試合当初からロス・インゴベルナブレス・デ・ハポンのBUSHIとEVILが試合に介入。さらに試合の重要な局面でマスク姿で現れた新たなパレハ(メンバー)が登場し試合をかき回す、マスクを取るとTNAや大日本などに出場しているフリーの真田聖也。真田のムーンサルトを浴びたオカダは、内藤のエルボー~延髄斬り、オカダのジャーマンからレインメーカーという流れを内藤が断ち切りディスティーノを決め3カウント。
内藤待望の王座初戴冠という表現はやや語弊があるセコンドの度重なる介入による後味の悪い幕切れも観客は明らかに内藤支持のコールが大多数。ロス・インゴのメンバーに試合後に痛めつけられるオカダ救出に向かった石井智宏にも容赦無い「帰れ」コールが浴びせられた。

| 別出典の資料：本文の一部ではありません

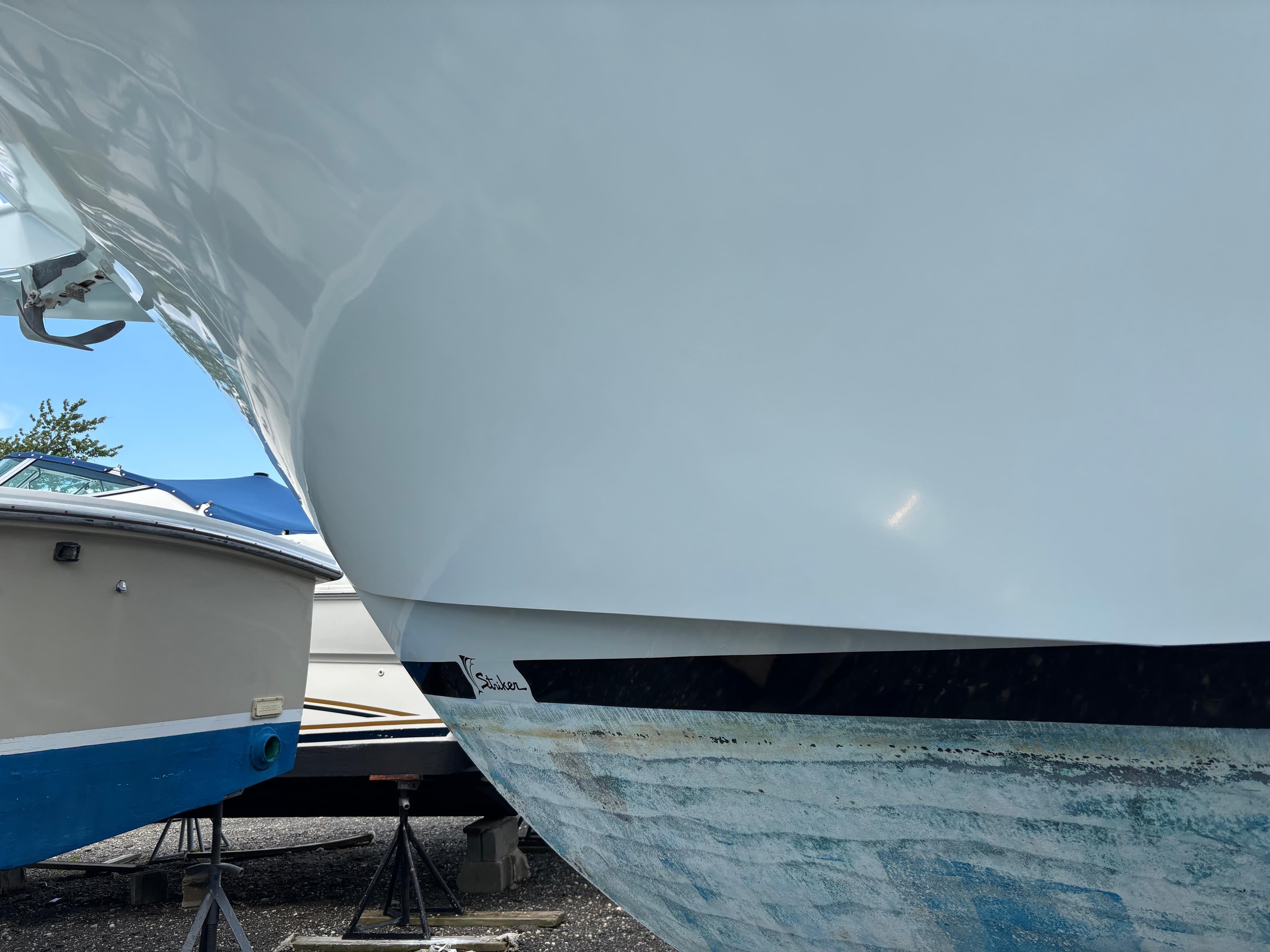 1974 Striker Canyon Runner boat hull on stands, with visible anchor and adjacent boats.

手段を選ばずタイトルを強奪したロス・インゴと内藤への観客の支持には、このところのオーナーサイドのCHAOS寄りと取られる動きもあるだろう。木谷高明オーナーが掲げた「オカダ2億円スター化計画」に当初から不快感を示していた内藤は「この会場の雰囲気、この声援、あなたの耳にしっかり届いていますか?新日本プロレスワールドをご覧の木谷オーナー。あなたの宣言通り、2億円プロジェクトで(俺に敗れた)オカダをスターにしてあげてください。俺にはそんなプロジェクト必要ないんで。我々ロス・インゴベルナブレス・デ・ハポンが、新日本プロレスを応援して下さる皆様に、新たな景色をこれからお見せしたいと思います」とベルトを放り投げてリングを後にした。

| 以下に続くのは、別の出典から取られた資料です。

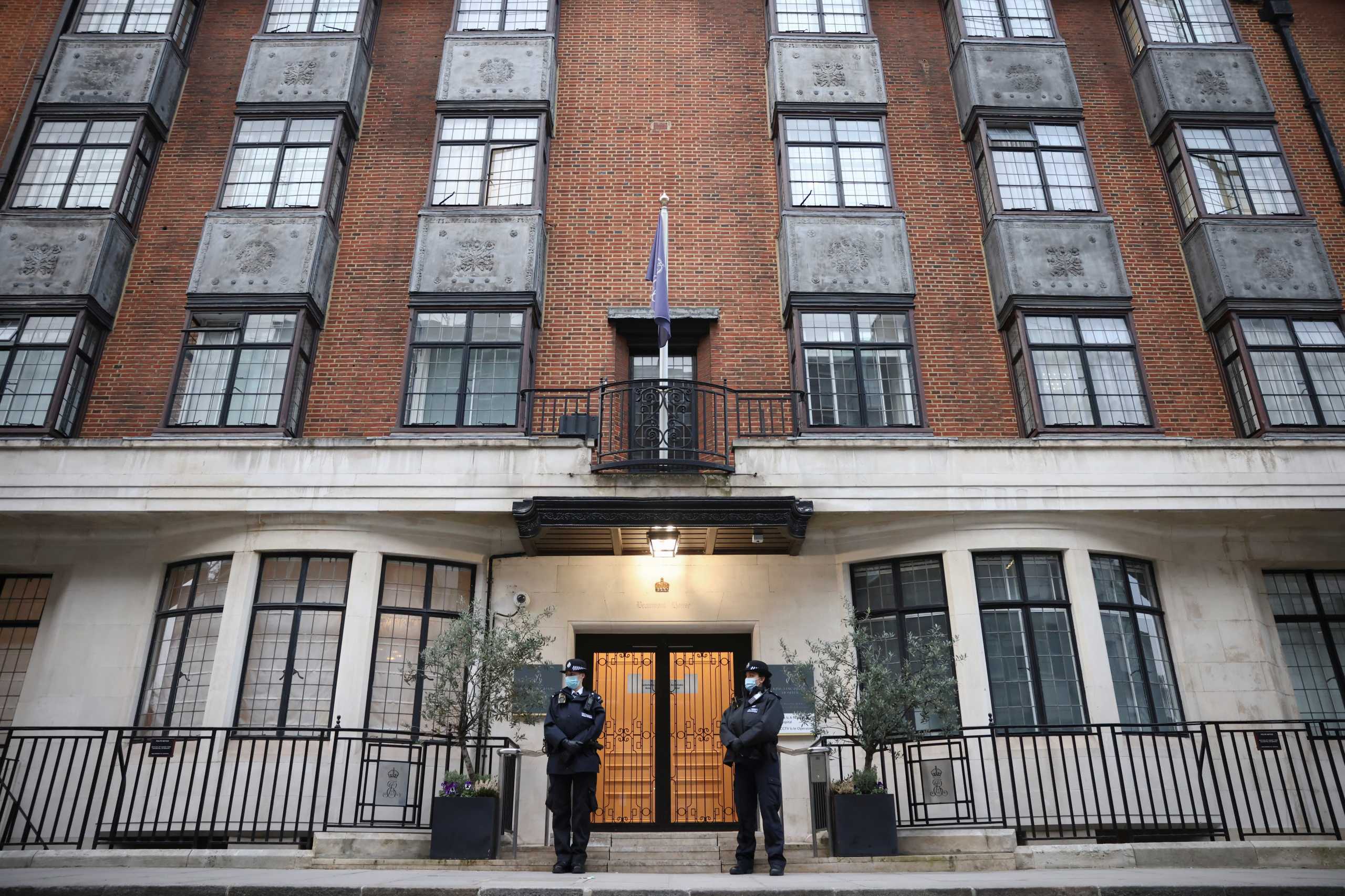 Police officers stand outside King Edward VII's Hospital, where Britain's Prince Philip was admitted in London, Britain, March 1, 2021. REUTERS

当初試合解説の蝶野正洋も「チャンピオンの品格」「過去のこれだけ荒れた試合はない」「こういう(タイトル)移動は選手が納得いかない」「選手側が 観客が支持するのは納得行かない」と試合の内容および結果について異論を唱えていたが、余りにも熱狂的な観客のロス・インゴ支持という天変地異に最後は「内藤選手はベルトは後からついてくるもので、(会場の)場と空気をどれだけ支配するか(にこだわっているのでは)」「彼はやりたいことをやって客を掴んでいる」と総括。
試合後の会見でも内藤哲也は、「リングに捨てて来たのにIWGPのベルトから歩み寄ってきたよ」「今新日本で一番おいしいのはどのタイトルじゃない。ロス・インゴベルナブレス・デ・ハポン内藤だ」と宣言。今後のシリーズは絡むとおいしい「制御不能」な男、内藤中心に回って行くことになりそうだ。